A lot of people talk about wanting more Sunday hunting in West Virginia, but hardly anybody ever does anything about it.
Until now.
Enter Cory Boothe is a school teacher in Fayette County and an avid hunter.
Boothe is a man on a mission.
“Ten years ago hunters got punched in the nose and landed on their backs and they’ve been there ever since,” Boothe told me Tuesday.
A decade ago or so, legislation dealing with Sunday hunting passed successfully through the Legislature.
For a year, hunting took place on Sundays for any game animal that was in season, with the exception that hunting was not legal on a Sunday that was the day before a big game opener.

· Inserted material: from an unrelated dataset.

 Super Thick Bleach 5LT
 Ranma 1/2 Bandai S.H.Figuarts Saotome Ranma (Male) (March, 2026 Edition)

Written into the bill was the option to petition the law to referendum on a county-by-county basis.
Forty-one counties did so and voted down Sunday hunting.
It remains legal to hunt on the Sundays mentioned above in 14 counties.
Jefferson is one of those counties.
The others are Brooke, Boone, Clay, Hancock, Lincoln, Logan, McDowell, Marshall, Mingo, Ohio, Wayne, Wetzel and Wyoming.
Boothe wants Sunday hunting in as many counties as possible. By law, referendum votes must be at least five years apart.
“I already have enough signatures in three counties to bring the issue to a vote in the spring primary election in 2014,” Boothe said. He said he wasn’t ready yet to name the counties.
Boothe said a referendum vote can be initiated by getting signatures of 5 percent of the registered voters in a county.
“That means we would need 865 signatures in Mineral County, 713 in Hampshire, 404 in Grant and 438 in Hardy,” Boothe said. He is looking for assistance throughout the state from like-minded hunters.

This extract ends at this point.